The chemistry between Johnson and Statham works so well one wonders why these guys haven’t been put together before. They are like a bulked out Abbott and Costello, a faster and more furious Martin and Lewis, a deadly sober Cheech and Chong. The list could go on. A lot of that is, of course, due to direction by David Leitch and a zippy script by Chris Morgan and Drew Pierce which uses their initial animosity spoken through often hilarious one-liners and offhand ranking.
As the villain, Idris Elba, 46, turns up as a cyber-enhanced super soldier named Brixton who works for a mysterious figure seen only as a strange digital display. Always impressive, Elba isn’t given an opportunity to use his formidable acting chops in this.
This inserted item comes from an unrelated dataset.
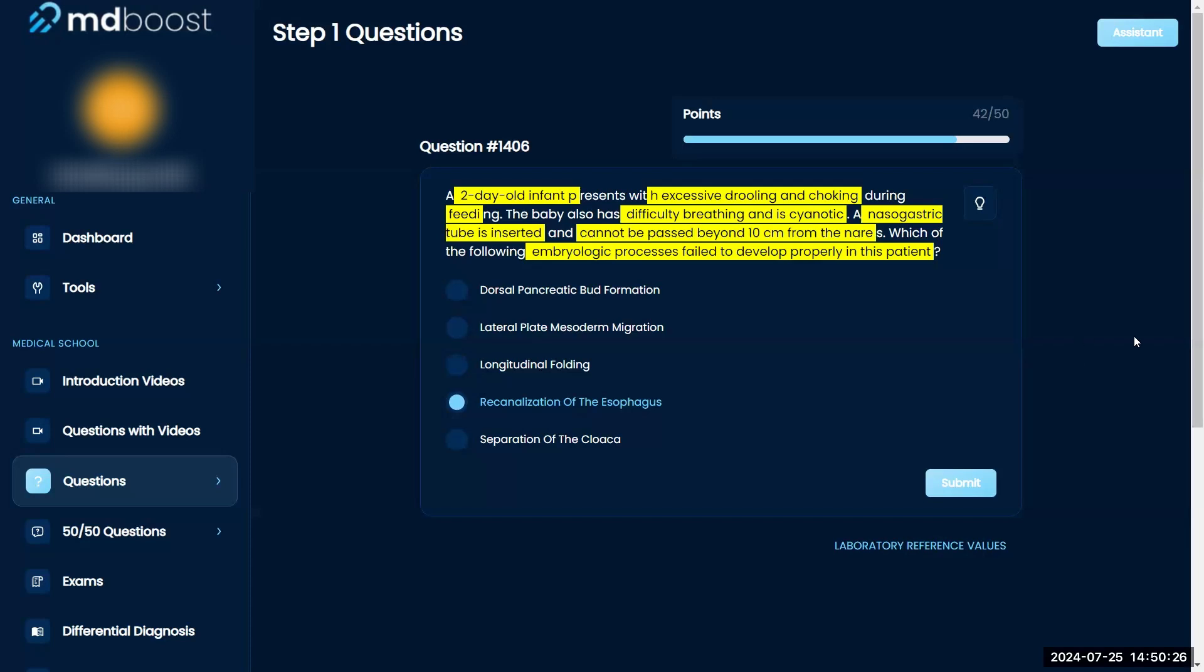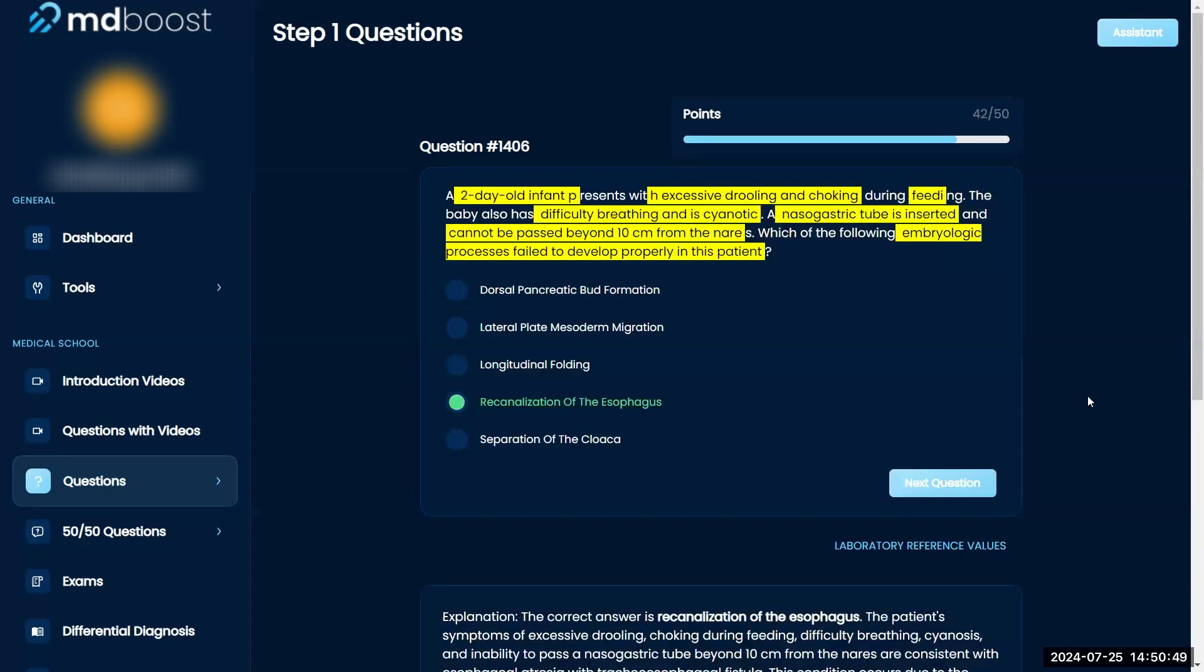Dorsal pancreatic bud is more of like those pancreatic malformations that they talk about sometimes. Lateral plate mesoderm, I don't see too much evidence for that. Separation of the cloaca, I don't remember what that is. It's probably anatomy. I would go re-canalization of the esophagus.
Another pleasant surprise is Kirby, who holds her own among all this testosterone. And, by the way, try not to pay attention to the part in the story where we see Hattie and Shaw as kids pulling grifts in their neighborhood. Owing to the 21 year difference between them, that’s a bit of a stretch even for the “F&F” franchise. Still, it’s a bit of mindless fun that is not a bad way to chill out in a theater with awesome A.C.
Tempo grade: B+
“Fast & Furious Presents: Hobbs and Shaw” is rated PG-13 for prolonged sequences of action and violence, suggestive material and some strong language.
It is screening daily at Mitchell Storyteller 7 Theatres, 110 Old Talpa Cañón Road. For showtimes, tickets and additional information, call (575) 751-4245 or visit storyteller7.com.
Also showing in Taos.
MPAA rating: R for language throughout and some sexual references.
Taos Community Auditorium
Katherine Newbury (Emma Thompson) is a pioneer and legendary host on the late-night talk-show circuit. When she's accused of being a "woman who hates women," she puts affirmative action on the to-do list, and presto! — Molly (Mindy Kaling) is hired as the one woman in Katherine's all-male writers' room.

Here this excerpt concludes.